[Short descriptive text snippets]

+ + + +

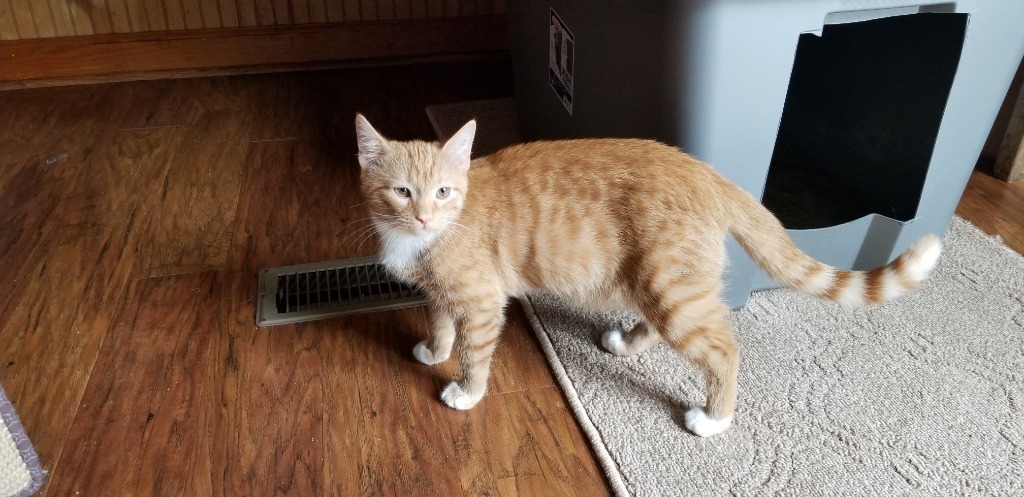 Blaze, an adoptable Domestic Short Hair in Darlington, SC, 29532 | Photo Image 1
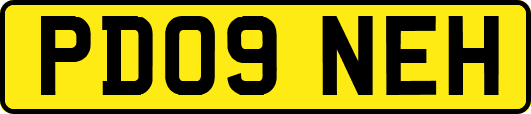 PD09NEH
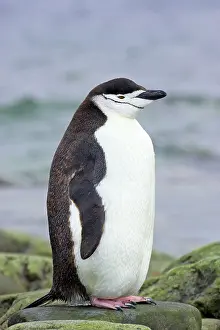Orkneys: Chinstrap Penguin
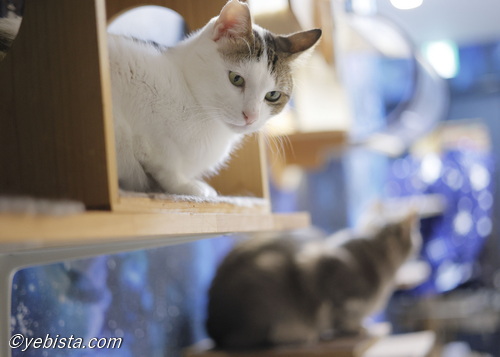 カラタチ・ギザ男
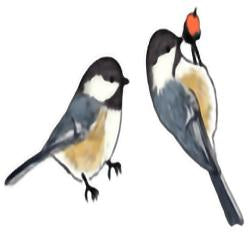 Eco Friendly Chickadee Earrings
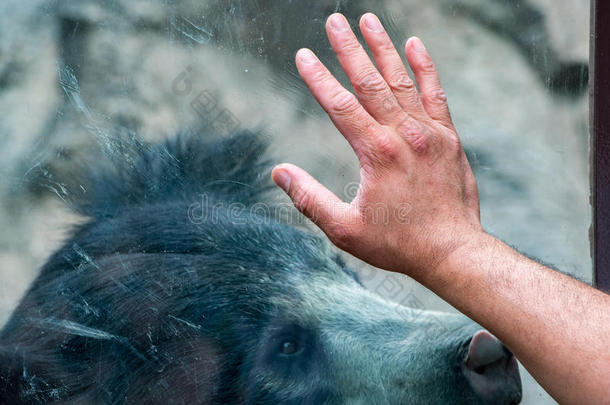 手放在窗户上，<strong>懒</strong>洋洋的亚洲黑熊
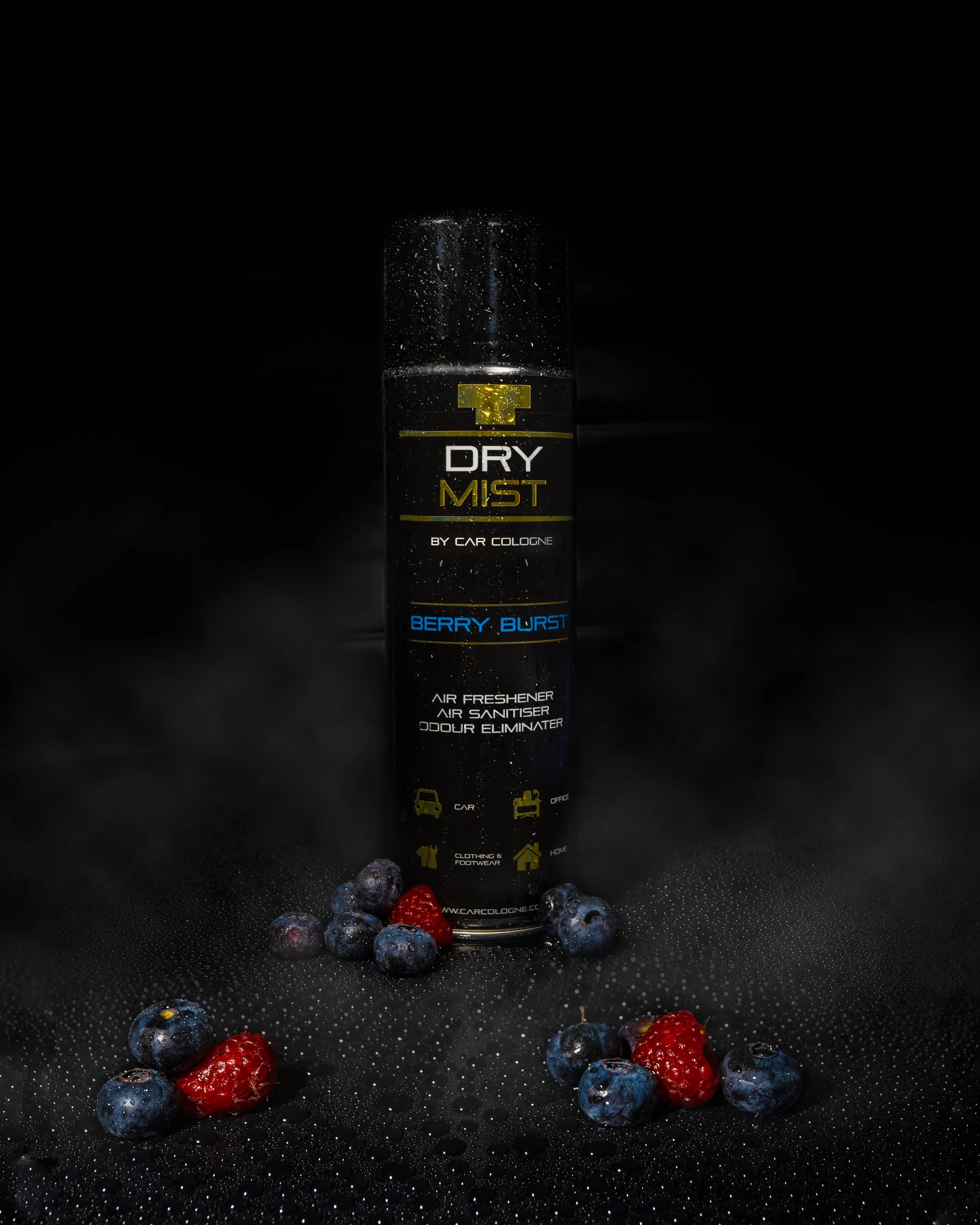 Dry Mist - Berry Burst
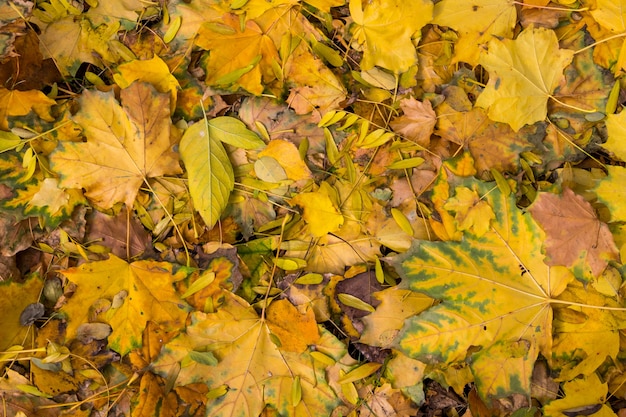 Hintergrund der bunten Herbstblätter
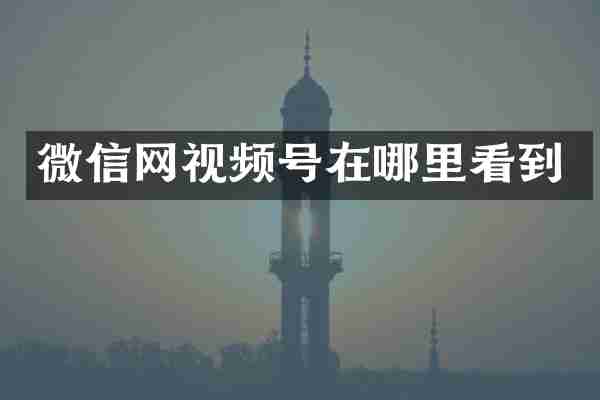 微信网视频号在哪里看到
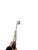 Used Taylormade SPIDER TOUR PUTTER Mens Putter RH 11938-S000375729 View 3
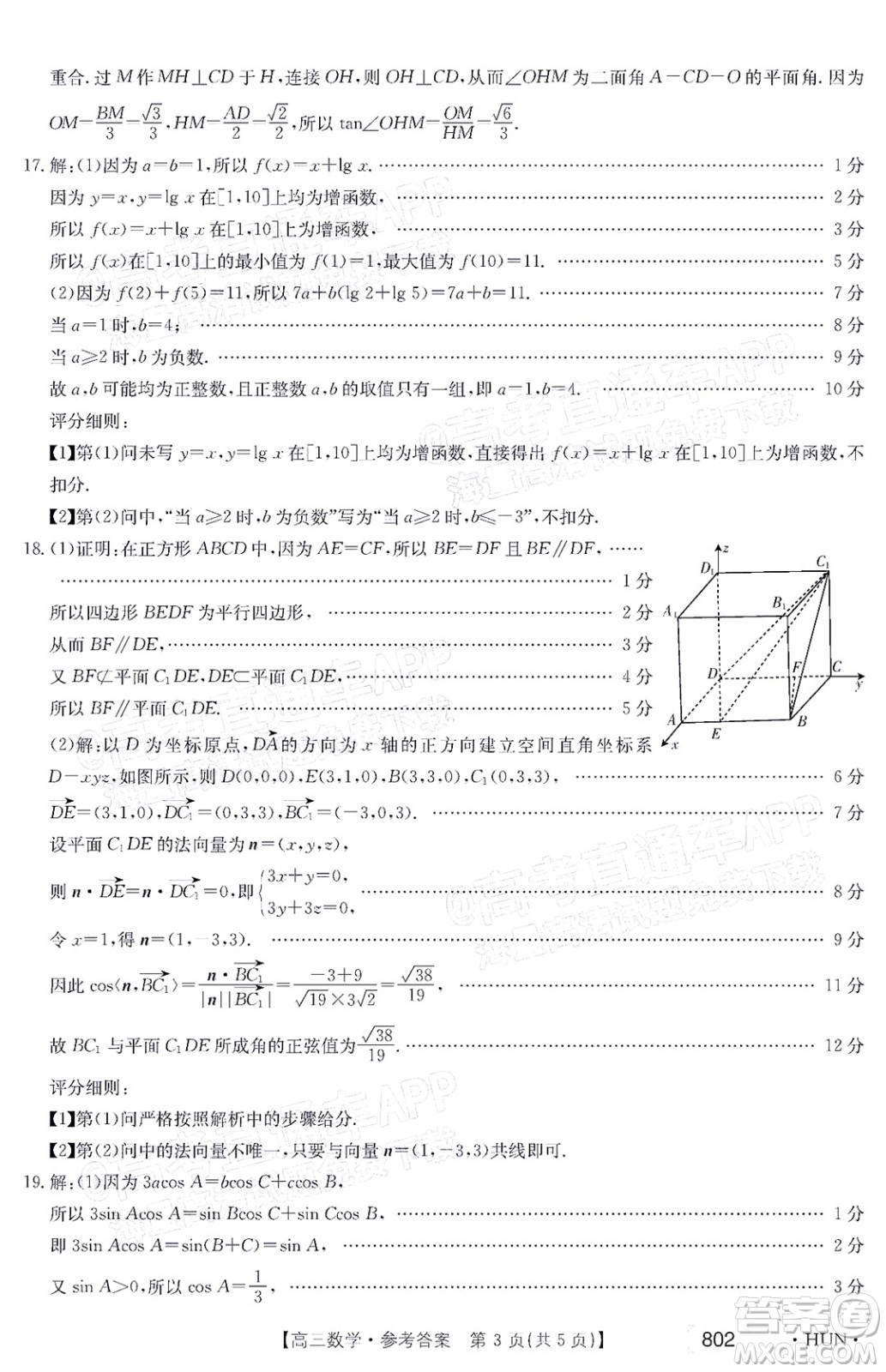 2022屆湖南金太陽高三11月聯(lián)考數(shù)學(xué)試題及答案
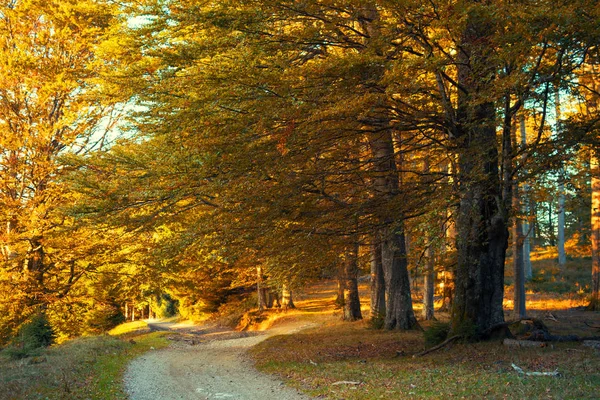 Caminho da floresta de outono nas montanhas — Fotografia de Stock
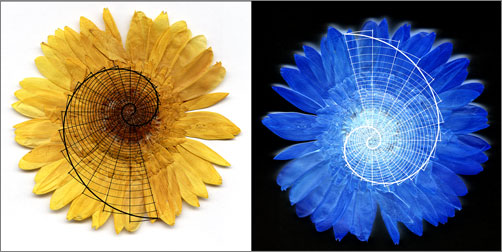 Double Spirals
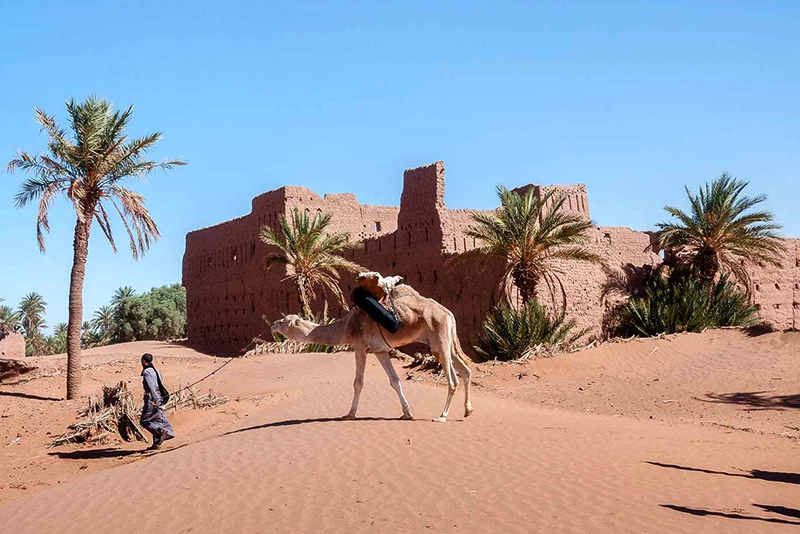 Marrakech Desert Trip, Camel Riding In Morocco Desert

+ + + +

● ASSIGNMENT:
Leave out the pictures and print every line of the data exactly.

● ANSWER SPACE:
 Blaze, an adoptable Domestic Short Hair in Darlington, SC, 29532 | Photo Image 1
 PD09NEH
Orkneys: Chinstrap Penguin
 カラタチ・ギザ男
 Eco Friendly Chickadee Earrings
 手放在窗户上，<strong>懒</strong>洋洋的亚洲黑熊
 Dry Mist - Berry Burst
 Hintergrund der bunten Herbstblätter
 微信网视频号在哪里看到
 Used Taylormade SPIDER TOUR PUTTER Mens Putter RH 11938-S000375729 View 3
 2022屆湖南金太陽高三11月聯(lián)考數(shù)學(xué)試題及答案
 Caminho da floresta de outono nas montanhas — Fotografia de Stock
 Double Spirals
 Marrakech Desert Trip, Camel Riding In Morocco Desert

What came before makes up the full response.